■ **Exercise aim**: Type out the listing below exactly. Pictures stay out of it.
↓↓↓
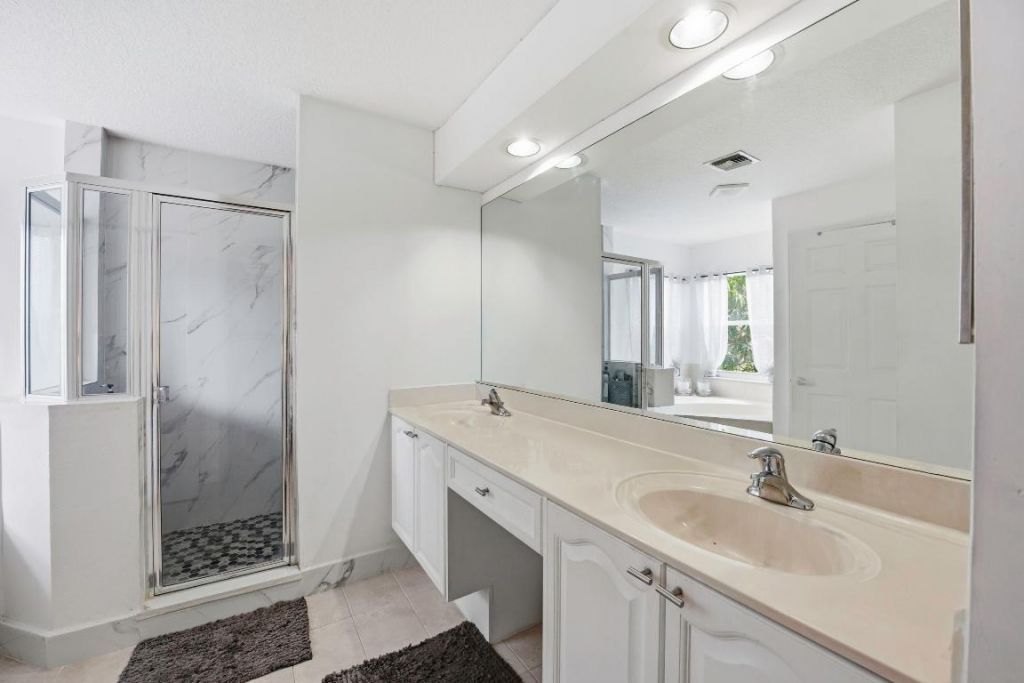 4162 Winnipeg Way, West Palm Beach, FL 33409 Photo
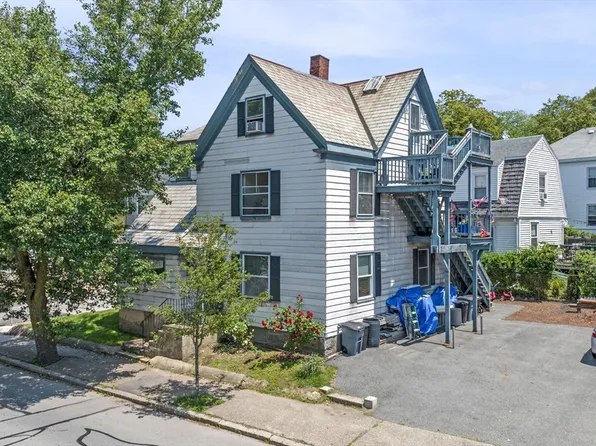343 Cabot St, Beverly, MA 01915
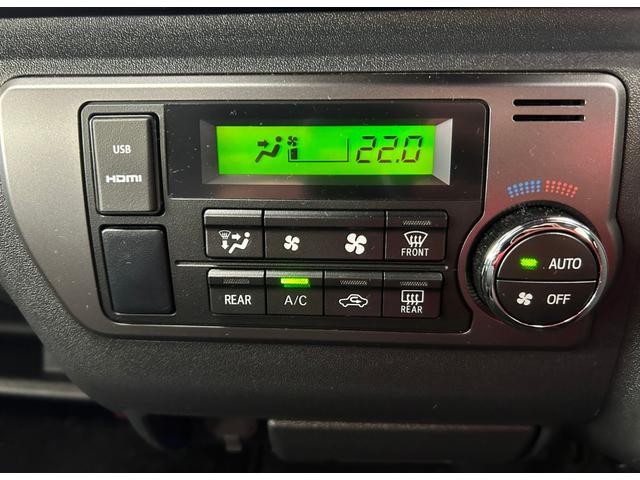 0520247A30261029W00116.jpg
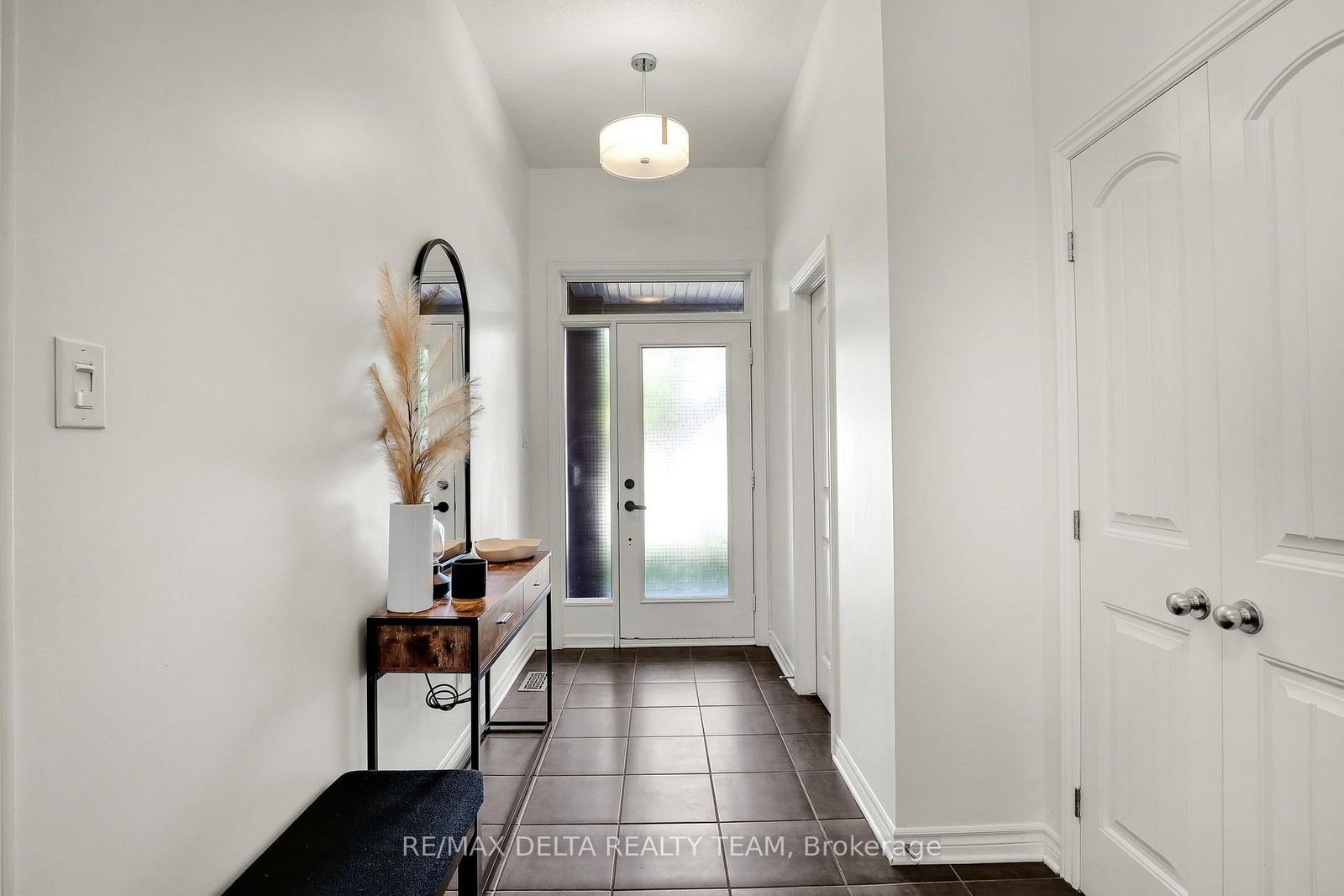 321 Widgeon Way • Ottawa, ON photo 4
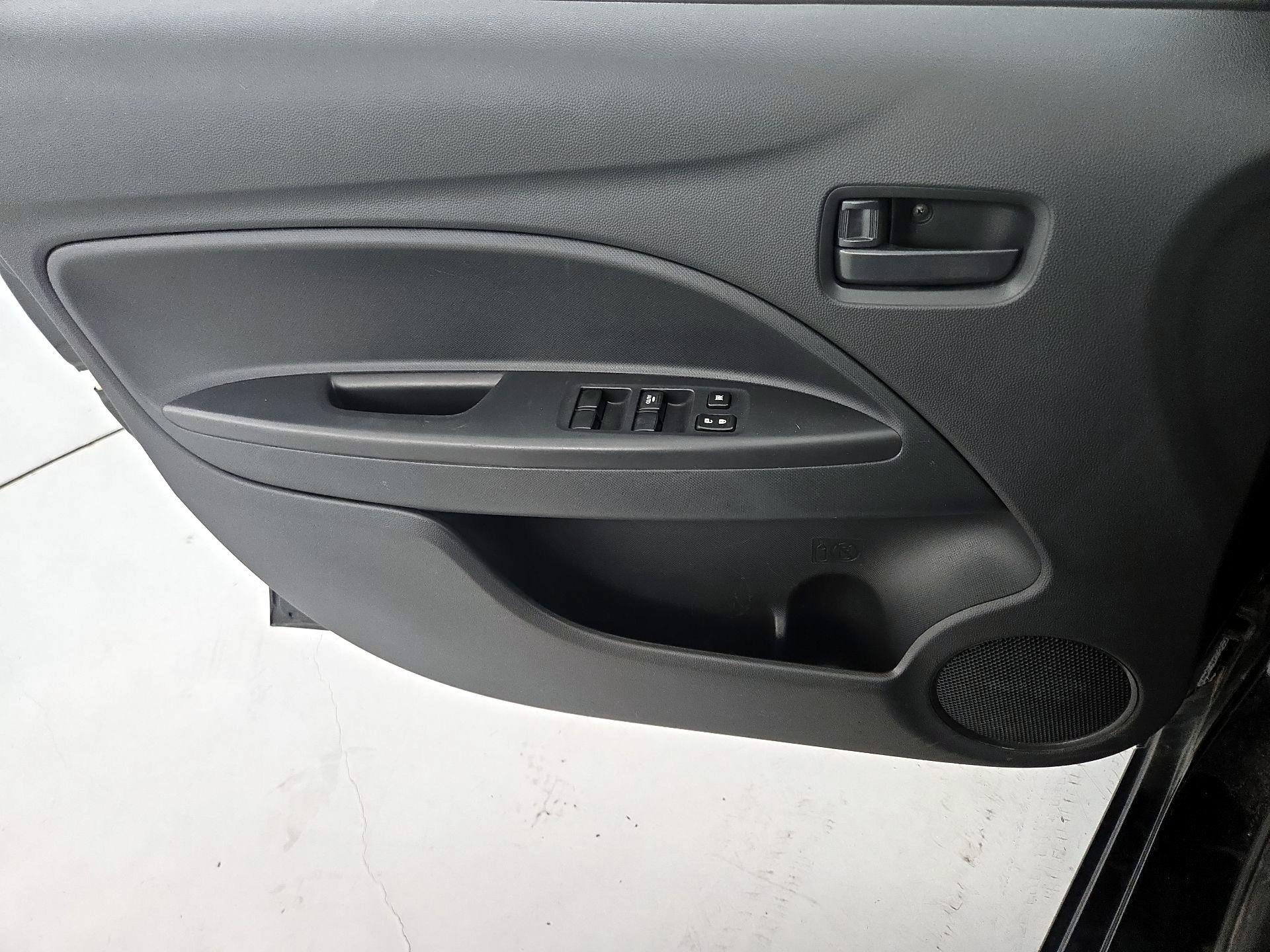 Thumbnail: 2019 Mitsubishi Mirage G4 - 12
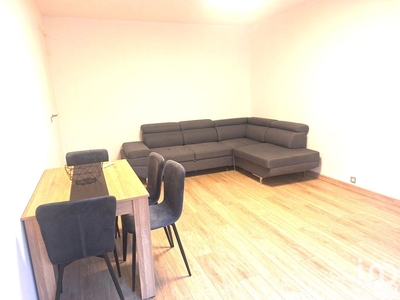 Appartement 3 pièces de 69 m² à Villeneuve-la-Garenne (92390)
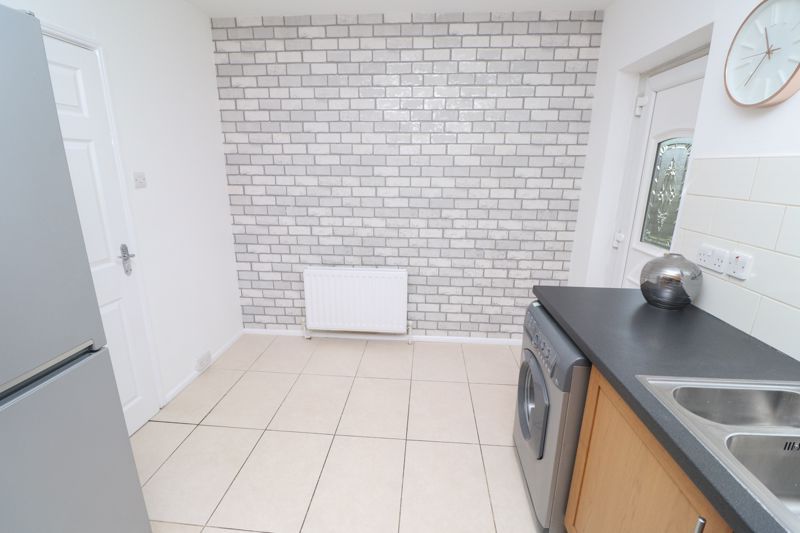 Property photo 3 of 8 Kitchen/Diner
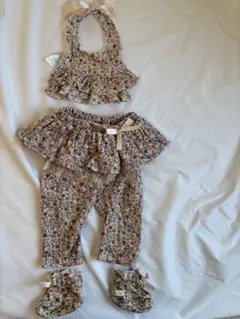 ハルウララ　花柄　スタイ　パンツ　靴下　3点セット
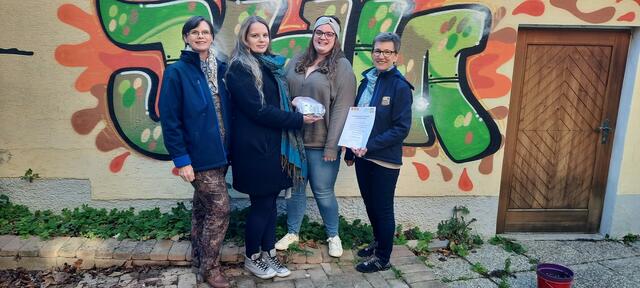 Anne-Marie Enengel, Valencia Enengel (Projektleiterin, GG Hainburg), Julia Preis (Standortleitung, Römerland Carnuntum Jugend) und Christa Fallmann (Leitung GG Hainburg)  | Foto: Gesunde Gemeinde Hainburg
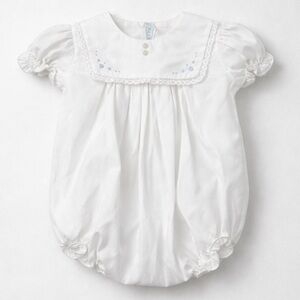Pastels white bubble romper with bib collar and embroidery EUC size 0-3 m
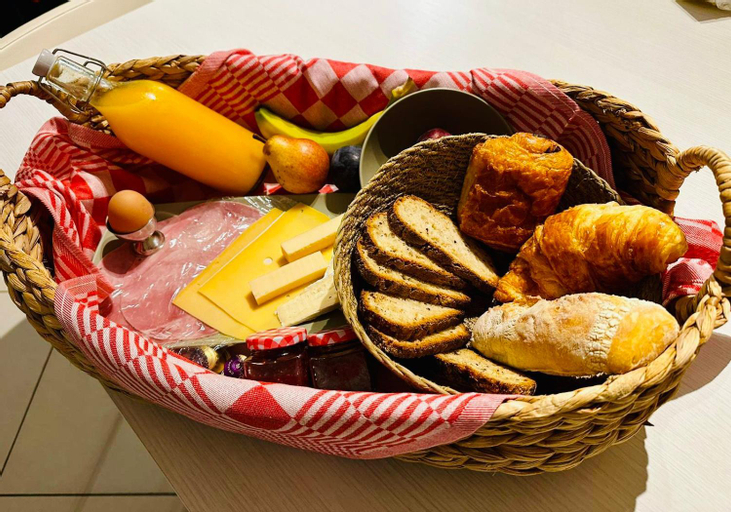 Food & Drinks 5, B&B Les Tetes de Mules - Adults Only, Bouches-du-Rhône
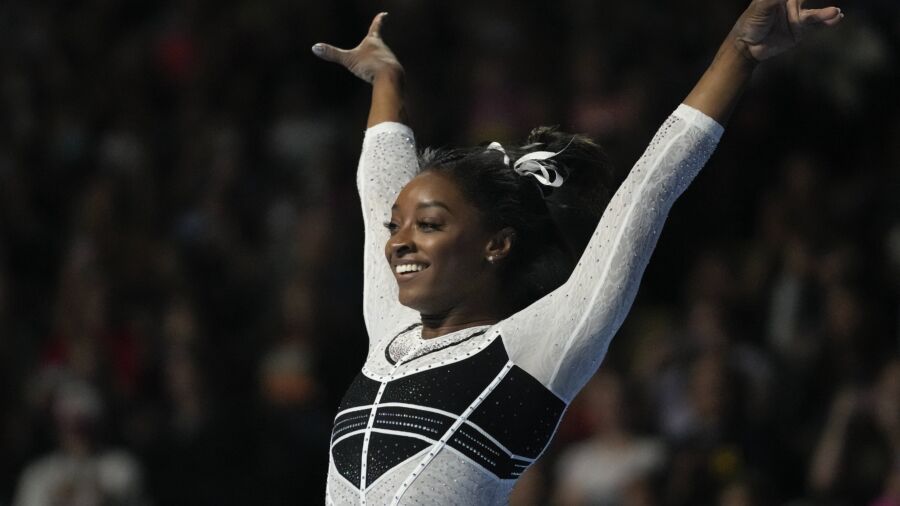 Simone Biles Dazzles in Her Return Following 2-year Layoff to Easily Claim US Classic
↑↑↑
■ **Finished task**:
 4162 Winnipeg Way, West Palm Beach, FL 33409 Photo
343 Cabot St, Beverly, MA 01915
 0520247A30261029W00116.jpg
 321 Widgeon Way • Ottawa, ON photo 4
 Thumbnail: 2019 Mitsubishi Mirage G4 - 12
 Appartement 3 pièces de 69 m² à Villeneuve-la-Garenne (92390)
 Property photo 3 of 8 Kitchen/Diner
 ハルウララ　花柄　スタイ　パンツ　靴下　3点セット
 Anne-Marie Enengel, Valencia Enengel (Projektleiterin, GG Hainburg), Julia Preis (Standortleitung, Römerland Carnuntum Jugend) und Christa Fallmann (Leitung GG Hainburg)  | Foto: Gesunde Gemeinde Hainburg
Pastels white bubble romper with bib collar and embroidery EUC size 0-3 m
 Food & Drinks 5, B&B Les Tetes de Mules - Adults Only, Bouches-du-Rhône
 Simone Biles Dazzles in Her Return Following 2-year Layoff to Easily Claim US Classic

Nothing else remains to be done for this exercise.